Get your SAP data into Snowflake with Matillion using OData

Jan van Ansem
September 7, 2021

Home » Insights » Get your SAP data into Snowflake with Matillion using OData

Jan van Ansem

Data Warehouse professional, SAP enthusiast, cyclist and kitesurfer.

Jan van Ansem

Data Warehouse professional, SAP enthusiast, cyclist and kitesurfer.

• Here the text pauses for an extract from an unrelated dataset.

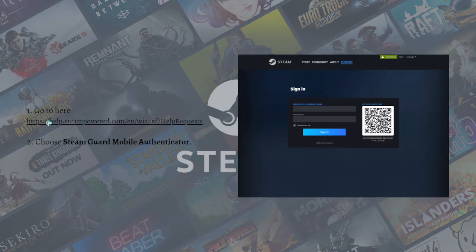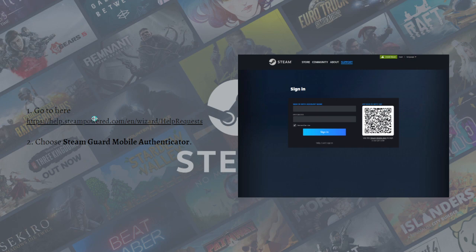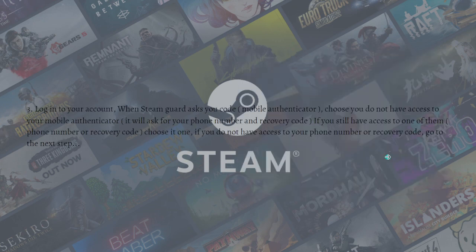The first thing you'll need to do is go to the link in the description box below. Click on that link, then choose the SteamGuard mobile authenticator option. You can scan the code shown on screen and then log in to your account.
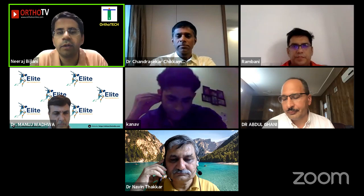Good evening everyone, we welcome you all to OrthoTV Online. Today we are conducting a full primary total hip replacement basic course on a virtual platform. Over to today's convener, Dr. Abdul Ghani, to introduce the course and the faculty.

You can now use standard SAP extractors to get data from SAP into any data warehouse, the same way as SAP data is extracted for SAP Business Warehouse (SAP BW). In his previous blog, Jan van Ansem explained the background and relevance of this development. Now, George Whitby and Jan show how easy it is to set up the extraction process and load SAP data into Snowflake, using Matillion.

SAP – Prerequisites

The extractors on your SAP systems need to be ODP enabled. SAP Gateway needs to support SAP OData version 2.0. There should be no issues with this on SAP Netweaver 7.5. On SAP Netweaver 7.4 you probably need to implement some notes and anything older than 7.4 will be a struggle or impossible. The initial configuration consists of two steps: Setting up the Netweaver Gateway project and OData service configuration in transaction SEGW and registering the ODATA service in transaction /IWFND/MAINT_SERVICE. These configuration steps are described in detail in two excellent blogs so I will give you the links instead of repeating those:

https://blogs.sap.com/2020/11/02/exposing-sap-bw-extractors-via-odp-as-an-odata-service/https://blogs.sap.com/2020/05/29/distributing-data-from-bw-system-using-odp-based-data-extraction-and-odata/

Using delta extracts, filters and other options when calling the OData service
Assuming you managed to do all the set-up with some help of the above blogs, you should now be able to do a simple test of your OData extractor in a web browser. The URL would be something like:
https://<server>:<port>/sap/opu/odata/sap/<servicename>/$metadata
or, for the example I will use throughout this blog:
https://<server>:<port>/sap/opu/odata/sap/ZODATA_ODP_DS_EXTRACTORS_SRV_01/EntityOf0CUSTOMER_ATTR

Now this is cool and might be a point solution for an ad-hoc request, but this is of course not sufficient to do enterprise-wide data provisioning out of S/4HANA or SAP ECC. For that, you will need to be able to run deltas instead of full loads, create ad-hoc extracts for individual records
or ranges and go back into the load history to understand what data has and has not been passed on to other applications. Luckily, these are all standard aspects of ODP and available through the OData interface.
The specific OData service components we are interested in in the context of the ODP extractors are:

Entity Sets: This is the ‘data model’ of the service. In the example above you saw ‘EntityOf0CUSTOMER_ATTR so it will be no surprise there can be similar entity sets for 0MATERIAL_ATTR, 0MATERIAL_TEXT, 0COMP_CODE_ATTR and so on. The ‘EntityOf’ dataset delivers the actual data (material, customer and so on).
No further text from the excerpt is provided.